Y hubo un después de 1936 o, más exactamente, de la primavera de 1936: la guerra civil española y la adhesión de Neruda al comunismo. Fue un proceso habitual (los surrealistas franceses habían puesto desde años antes su movimiento al servicio de la revolución). No cambió su utillaje formal, pero sí renunció al hermetismo expresivo y modificó su visión del mundo, que se decantó hacia un materialismo solar y lo llevó inevitablemente a la poesía política, convertido el propio poeta en una figura central de la izquierda chilena, a la que prestaba la resonancia mundial de su obra. En este ámbito Neruda alumbró los versos, a veces inolvidables, de España en el corazón (1938); un libro gigantesco, el Canto general (1950), y un libro impresentable, Las uvas y el viento (1954), de un grosero estalinismo. Como poema épico, con su torrentera de miles de versos, el Canto general es la gran obra del género en castellano. Desigual a trechos, contiene, sin embargo, momentos, muchos momentos verdaderamente espléndidos, que exceden el pobre sustento ideológico indigenista que lo nutre. Considerado en bloque, es un monumento.

Otra aventura

Después Neruda se adentró en otra aventura excepcional, las Odas elementales, (1954, 1956 y 1957), donde volvió a mostrar sus excepcionales dotes de poeta.
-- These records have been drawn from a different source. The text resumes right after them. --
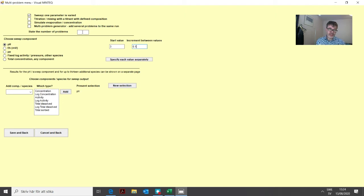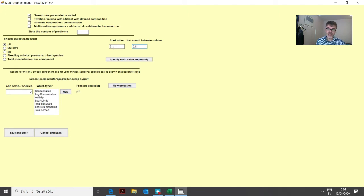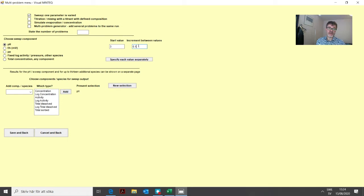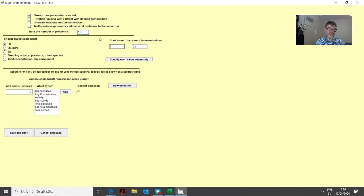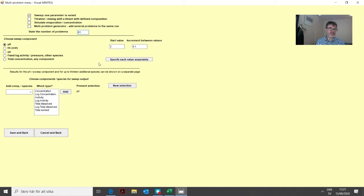Then we need to state the number of problems. We start at pH 3, the next point will be 3.1, 3.2, 3.3 and so on. Let's assume we go to pH 9. From 3 to 9, it will be 61 problems actually. So that is the number of data points in the sweep that we add. This first part of the menu is done.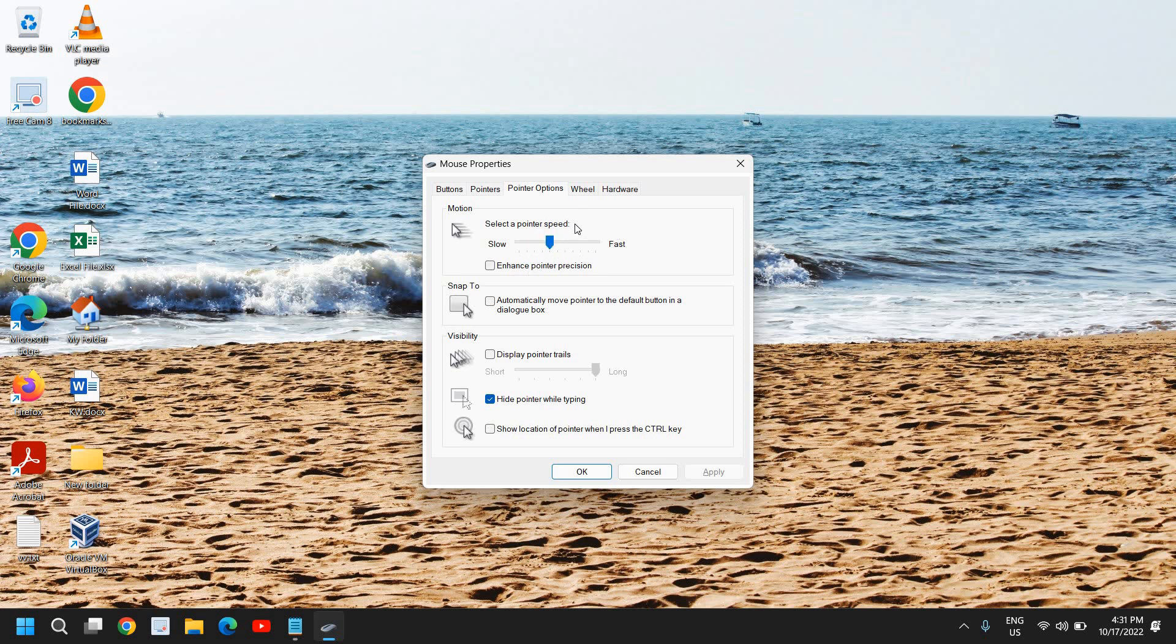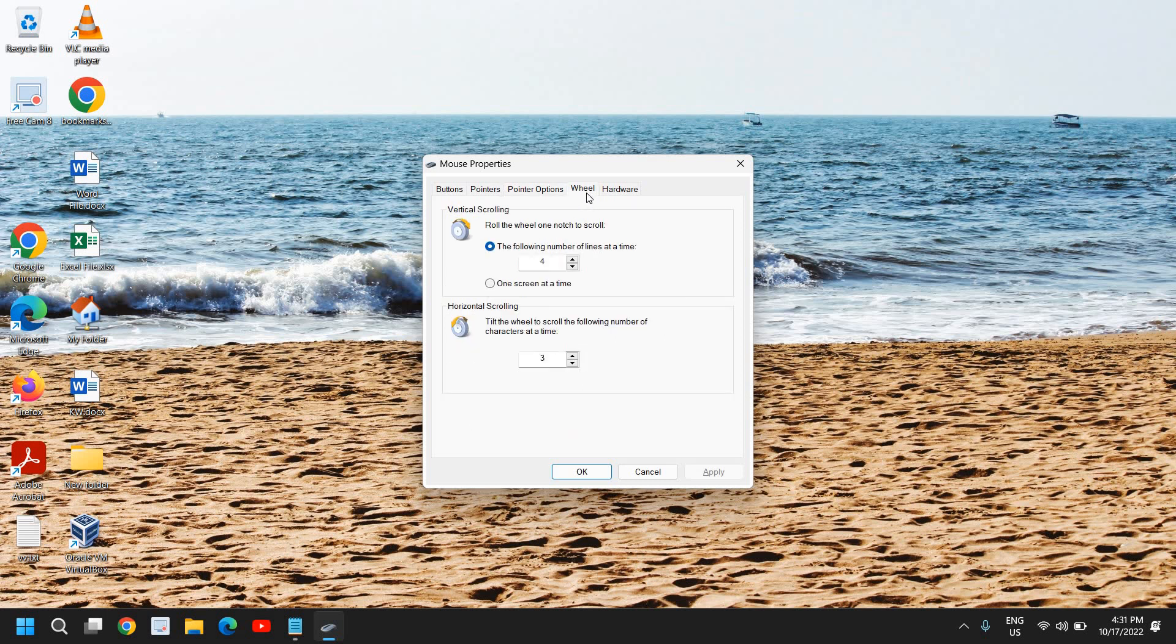Once you have checked that, go to the wheel option. This is the main issue which you are going to fix - the mouse wheel scrolling issue. Here are the following number of lines. The moment we click on scroll, it clears four lines at one time. You need to check which value is here. The ideal default value is four for vertical scrolling and horizontal scrolling is three.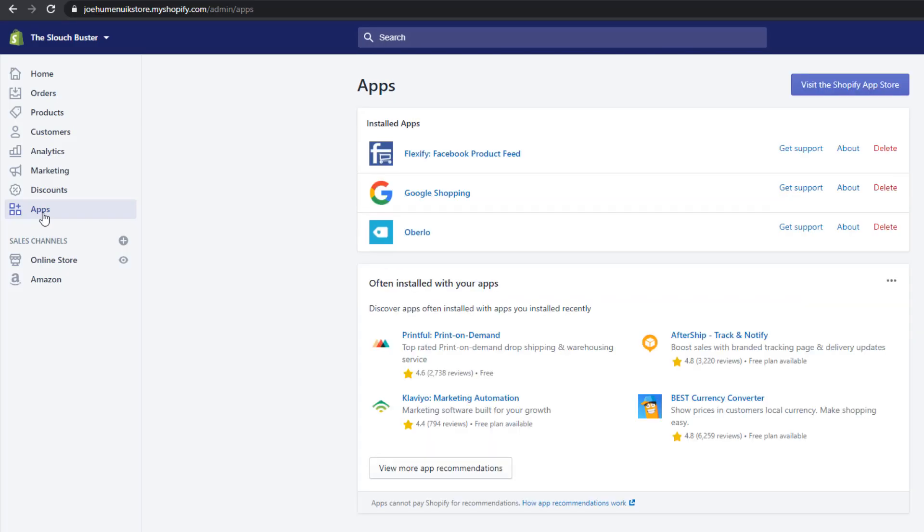To get started, open up your Shopify admin panel. On the left hand side, click on apps. If you don't have this app installed, go and find the Flexify Facebook product feed app. This application will create the RSS feed we need to take our product catalog and send it to Facebook.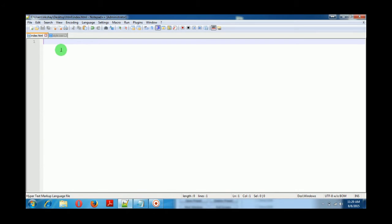Hello and welcome to Solution Cone. In this video we will learn how to make a smooth scrolling effect for one page websites.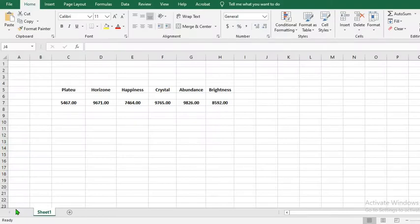In this tutorial today, we shall be learning how to add borders, draw borders, and erase borders in Microsoft Excel.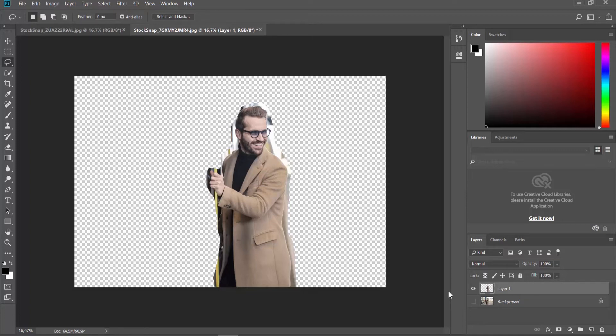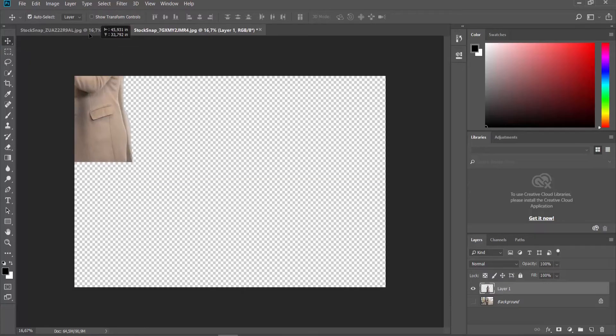Select the Move tool from the left sidebar. Drag and drop the person picture into the photo you need.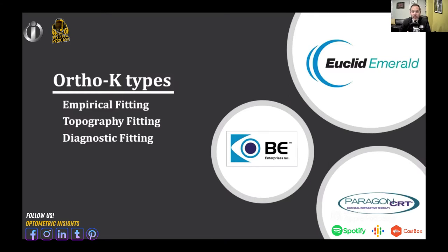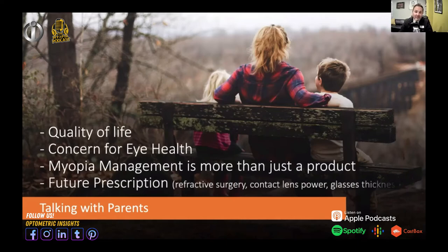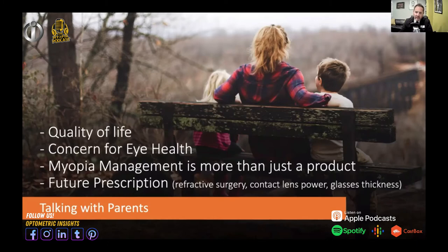Systems like BE use your topographer to guide you through the process, and Paragon's system can be empirical but also has a diagnostic fitting set. From the poll: 58% of participants are utilizing orthokeratology, 75% are utilizing soft multifocals, 50% are utilizing atropine, and 33% are utilizing custom myopia glasses — reflecting the high percentage of individuals outside the United States, including quite a few Canadians.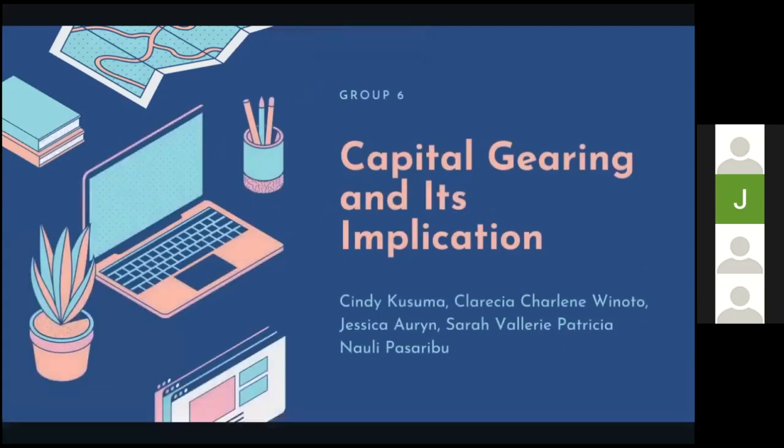Hello, Sir Michael and friends. We are from group six and now we're going to present our presentation about capital gearing and its implications. The members are me, Cindy Kuzuma, Claritia Charlie Winoto, Jessica Orin, Sarah Valerie, and Patricia Naui Pasaribu.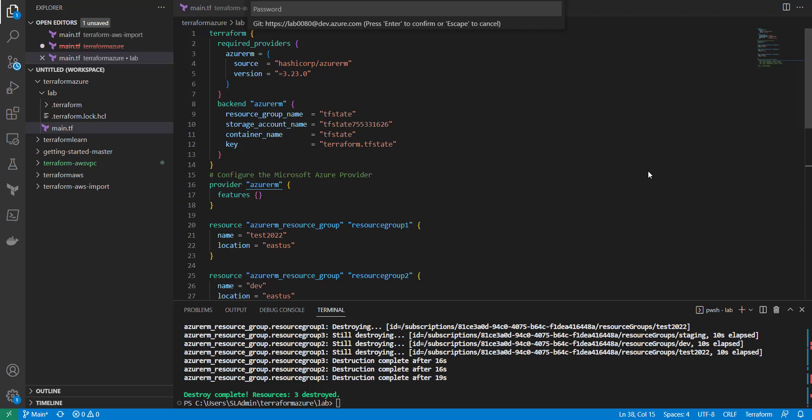Hi, it's Kevin from Let Me Tech You, and in today's video I'm going to be going over Terraform's lifecycle meta-arguments.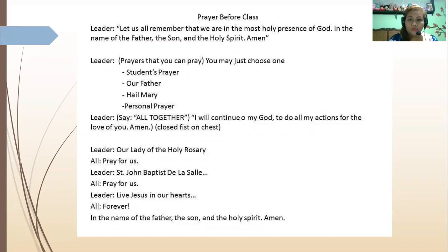Let us all remember that we are in the most holy presence of God. In the name of the Father, Son, Holy Spirit. Amen.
Renunciando a la orquestación solemne y empleando un verso breve, de dicción humilde y diamantina claridad expresiva, se aplicó al canto de los más variados elementos, con especial atención a los más humildes o más desatendidos de la poesía: desde el caldillo de congrio a unos calcetines, desde el jabón al hígado. Los resultados son cambiantes, pero siguen abundando los grandes momentos.

Luego vino la decadencia y como otros poetas, Neruda se sobrevivió escribiendo demasiado, aunque aquí y allí brotaran chispas hirientes, candelas vertiginosas, como en el Memorial de Isla Negra (1964).